Source material:

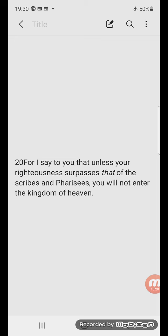He says in Matthew 5:20, 'For I say to you that unless your righteousness surpasses that of the scribes and Pharisees, you will not enter the kingdom of heaven.' That does not at all mean that we need to have even less outwardly visible sin than they, but what it means is that we need a totally different kind of righteousness. We need the imputed righteousness of Jesus, and that was what they had rejected and people like them still reject today.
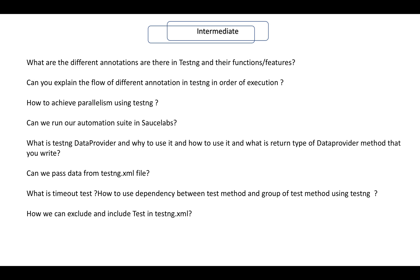Moving on to the intermediate section: what are the different annotations in TestNG and their functionalities? Can you explain the flow or order of execution of the annotations in TestNG — like before test, before class, and so on? How can we achieve parallel testing in TestNG? How do we run an automation suite in Sauce Labs, and is it possible?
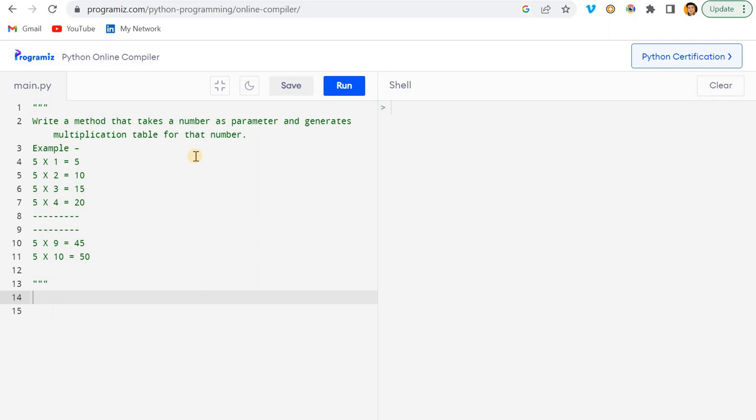Hey hello guys, welcome back. In this video we will be learning one important question of Python. I got this question from LinkedIn, so I thought to share with you guys.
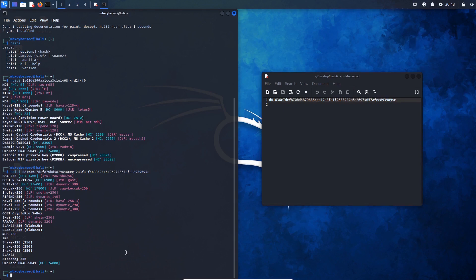The next tool I want to showcase is hash-id. In the latest Kali version this is already available, so all you have to do is type in hash-id. I'm going to use the same SHA-256 hash again and paste that in.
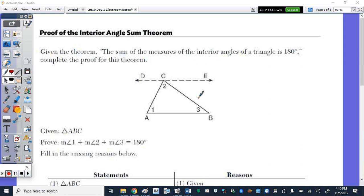To start today's notes, we're going to prove the interior angle sum theorem, which is stated down below. The theorem states that the sum of the measures of the interior angles of a triangle is 180 degrees. We need to complete the proof for this theorem.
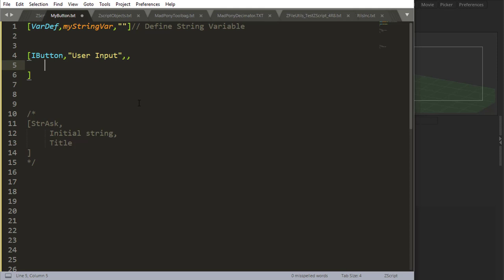If at any given time you need the user to input something into your script, string ask is the command to use.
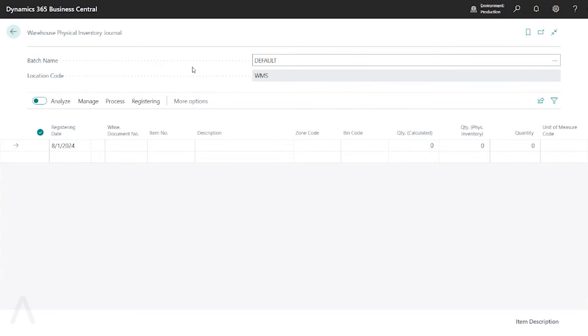Hello and welcome to this ArcherPoint presentation on using the Warehouse Physical Inventory Journal. In a previous session we looked at the Warehouse Item Journal. Today we're going to look at what it looks like to do a physical count using WMS.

Exercise prompt: Would you output only the span of the records above that opens with the line containing "To start today's" and closes with the line containing "If at any given", ends included and pictures dropped?

Your solution:
To start today's notes, we're going to prove the interior angle sum theorem, which is stated down below. The theorem states that the sum of the measures of the interior angles of a triangle is 180 degrees. We need to complete the proof for this theorem.
If at any given time you need the user to input something into your script, string ask is the command to use.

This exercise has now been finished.